I was grateful to spend this summer as a REDF Farber Fellow with EMERGE Community Development in Minnesota. My project focused on developing a pilot program for curbside bulky waste collection, recycling, and reuse with the City of Saint Paul, which will create employment opportunities for individuals impacted by the criminal justice system.

I aimed to apply my skills to drive environmental and economic impact, and I could not have imagined a better match. Through my project, I explored circular models and how to creatively approach problems with a multi-sectoral lens.

Between visits with city officials, tours of waste and energy plants, and volunteer shifts at a furniture repair nonprofit, I gained valuable insights I’ll take forward in my career.

Lesson 1: Don’t lose sight of the big picture.

My project included building a model to project pilot’s impact on EMERGE’s finances, resources, and environmental outcomes. I compiled an extensive list of data points to collect and estimate through expert interviews. But making estimates also required an understanding of what makes a social enterprise unique. For example, it’s important to factor in time for participant training or consider different revenue streams to offset expiring grants.

It was easy to get lost in the weeds. To keep my bearings, I tried to maintain a North Star: to equip EMERGE with the ability to project how changes in the volume of materials processed would impact their costs versus revenues, resource capacity, and greenhouse gas reductions.

This helped me move past the uncertainty of each estimate’s degree of precision and focus on how the pieces fit together.

Lesson 2: Lean on the wealth of knowledge and support within an organization’s community and your own.

I mostly worked remotely from my hometown of Seattle, with one on-site week in Minnesota. In Seattle, I connected with the Seattle Furniture Repair Bank, a nonprofit that helped fill in knowledge gaps and bring insights beyond EMERGE’s existing network.

During my on-site visit, I saw the power of EMERGE’s community in action during meetings with their partners in local government, waste management, and their local furniture bank. The alignment across stakeholders in the community demonstrated the value of EMERGE’s existing programs, and the broad support for launching the new program.

Lesson 3: When faced with many unknowns, go beyond numbers to bring the end goal to life.

Moving forward in uncharted territory can be overwhelming for any organization. Finding frames of reference for scale and new processes can go a long way. I tried to capture what this pilot would look like, not only through numbers, but through images and real examples.

One of my early breakthroughs came when I mapped out a process flow for furniture once EMERGE picks it up. This answered a lot of foundational questions and brought operational clarity for how EMERGE would work with various partners or keep material moving.

Photos and videos are also powerful tools. I photographed their new warehouse and sketched out different stations where the sorting, repair, and recycling work could take place, which helped the team get a sense for scale.

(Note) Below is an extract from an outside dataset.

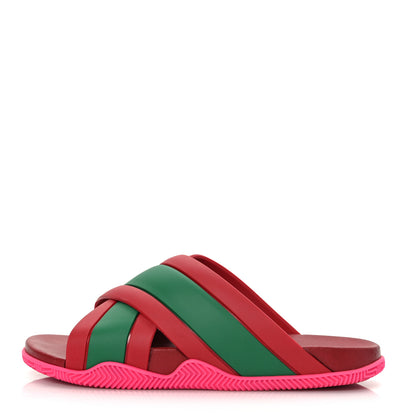 Gucci Rubber Web Womens Criss Cross Slide Sandals 38 Coral New Shamarock 1 of 8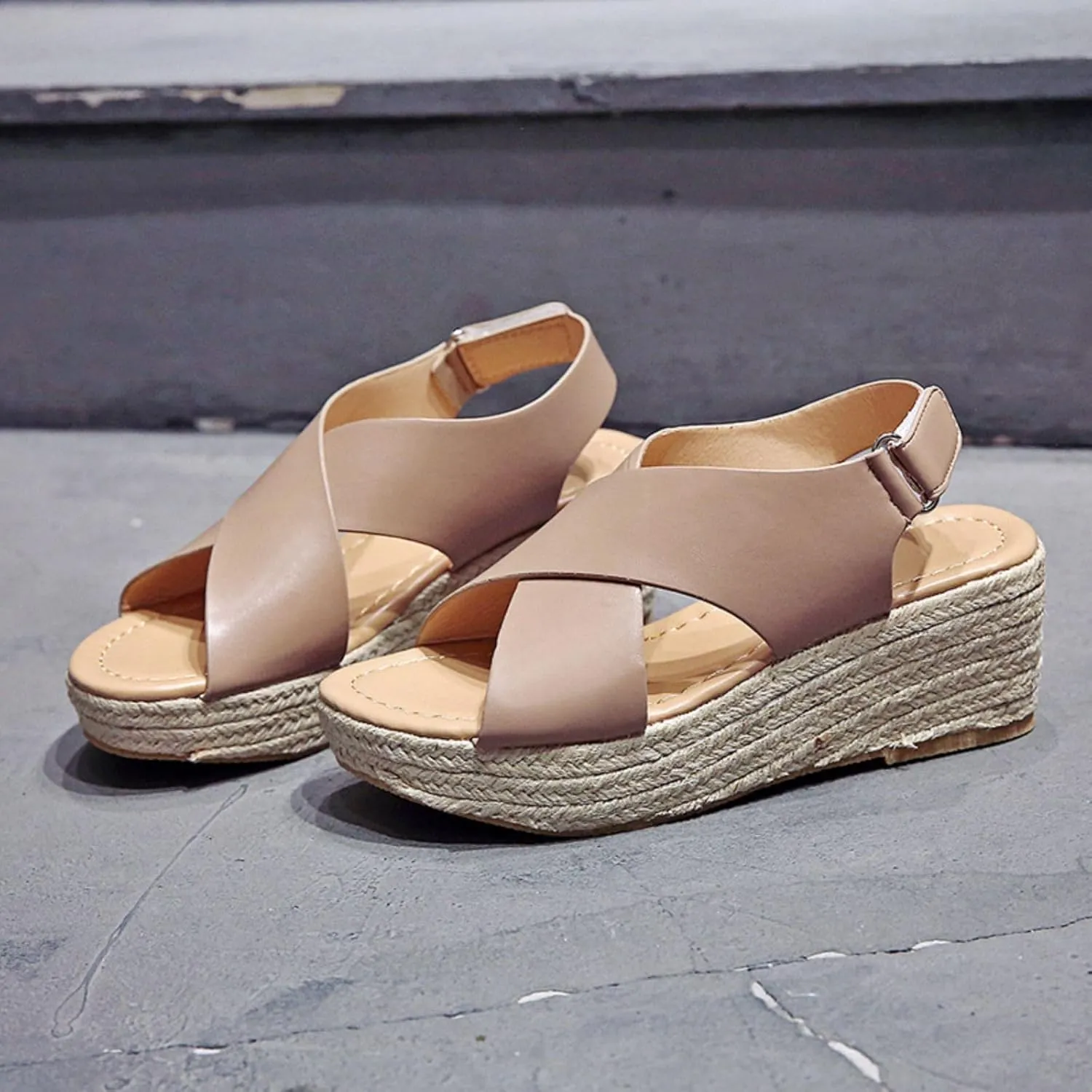 Womens Wedge Sandals Orthopedic Platform Wedge Sandals for Women Summer Dressy Open Toe Hook and Loop Closure Slides High Heeled Wedges Dressy Soft Leather Shoes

I documented different furniture repair workshops I visited, photographed furniture that the Seattle Furniture Repair Bank worked on, and filmed short repair trainings from their staff. All of this helped make the pilot real for EMERGE and bring a greater degree of confidence in tackling this work.


The social enterprise leaders REDF works with are a wealth of wisdom, and time with them is truly a gift. I gained new models for leadership and managing stakeholder relationships. I’m forever inspired by the exemplary ability of EMERGE’s leaders to raise up the team’s achievements as they connect the foundation of what they’ve built with their vision for the future.

The Farber Fellowship further validated my goal and commitment to pursue work advancing both environmental sustainability and community development. I will continue to ask how I can maximize my impact across these twin levers of planetary and human wellbeing. My advice to anyone considering the Farber Fellowship is to come in with clear goals for growth, but stay open to what shape that might take.